Quand un joueur simule au football, c’est en général pour obtenir une faute ou gagner du temps. Mais parfois, c’est aussi pour assouvir des besoins primaires. Gardien de la sélection tunisienne qui prépare sa Coupe du monde, Mouez Hassen a feint d’être touché après un contact lors de la seconde période du match amical contre la Turquie (2-2) vendredi soir. Une « blessure » qui coïncidait avec le moment de la rupture du jeûne du ramadan, observé par la plupart des joueurs des Aigles de Carthage.
Si l’astuce peut faire sourire, elle montre tout l’enjeu du mois sacré de l’islam pour les sélections issues des pays musulmans engagés à la Coupe du monde. En Russie, elles seront sept : l’Arabie saoudite, l’Egypte, le Maroc, le Nigeria, l’Iran, le Sénégal et la Tunisie. Les cinq premières risquent même de disputer leur premier match de compétition pendant le ramadan, qui doit se terminer autour du 15 juin.
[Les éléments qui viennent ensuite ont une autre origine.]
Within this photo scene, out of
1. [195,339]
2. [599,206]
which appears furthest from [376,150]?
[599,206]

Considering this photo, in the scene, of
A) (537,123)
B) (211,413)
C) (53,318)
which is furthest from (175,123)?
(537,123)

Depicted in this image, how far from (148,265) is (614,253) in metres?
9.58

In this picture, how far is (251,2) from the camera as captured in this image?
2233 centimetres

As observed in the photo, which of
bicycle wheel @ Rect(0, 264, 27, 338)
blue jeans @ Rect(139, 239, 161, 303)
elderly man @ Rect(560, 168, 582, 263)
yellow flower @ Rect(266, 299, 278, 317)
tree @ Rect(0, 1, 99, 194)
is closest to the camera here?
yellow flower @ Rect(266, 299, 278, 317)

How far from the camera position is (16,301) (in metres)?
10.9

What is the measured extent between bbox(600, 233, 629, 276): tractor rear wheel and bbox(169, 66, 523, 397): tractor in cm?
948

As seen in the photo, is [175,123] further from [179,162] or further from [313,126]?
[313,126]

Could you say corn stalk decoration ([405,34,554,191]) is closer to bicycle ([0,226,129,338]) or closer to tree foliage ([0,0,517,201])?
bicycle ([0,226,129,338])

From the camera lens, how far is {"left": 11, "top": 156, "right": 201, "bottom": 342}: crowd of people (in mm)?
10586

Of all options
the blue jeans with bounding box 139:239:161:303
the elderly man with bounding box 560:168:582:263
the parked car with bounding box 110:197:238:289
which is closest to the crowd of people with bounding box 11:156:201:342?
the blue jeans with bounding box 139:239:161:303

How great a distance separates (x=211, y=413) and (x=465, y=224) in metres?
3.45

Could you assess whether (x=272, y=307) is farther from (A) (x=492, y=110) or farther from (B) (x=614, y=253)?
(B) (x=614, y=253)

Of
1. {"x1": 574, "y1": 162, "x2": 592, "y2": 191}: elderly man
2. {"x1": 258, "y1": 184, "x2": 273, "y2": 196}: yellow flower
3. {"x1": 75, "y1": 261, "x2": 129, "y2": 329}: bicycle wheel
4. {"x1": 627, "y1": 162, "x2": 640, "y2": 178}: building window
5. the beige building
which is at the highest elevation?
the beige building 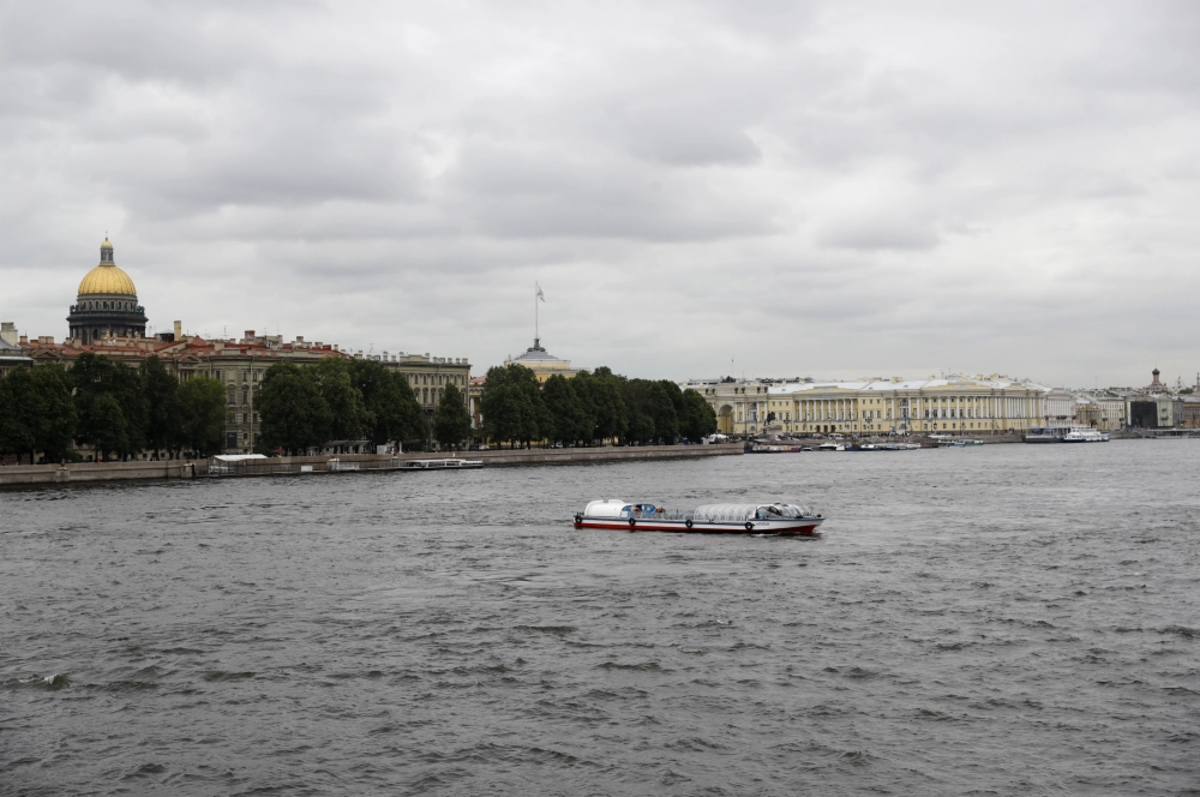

Que disent les textes sacrés sur le sujet ? La plupart des théologiens de l’islam se rejoignent sur le fait que les footballeurs peuvent être considérés comme des travailleurs soumis à des conditions pénibles ou, dans le cadre d’une compétition à l’étranger, à des voyageurs. Ils peuvent donc reporter leurs jours de jeûne après la compétition.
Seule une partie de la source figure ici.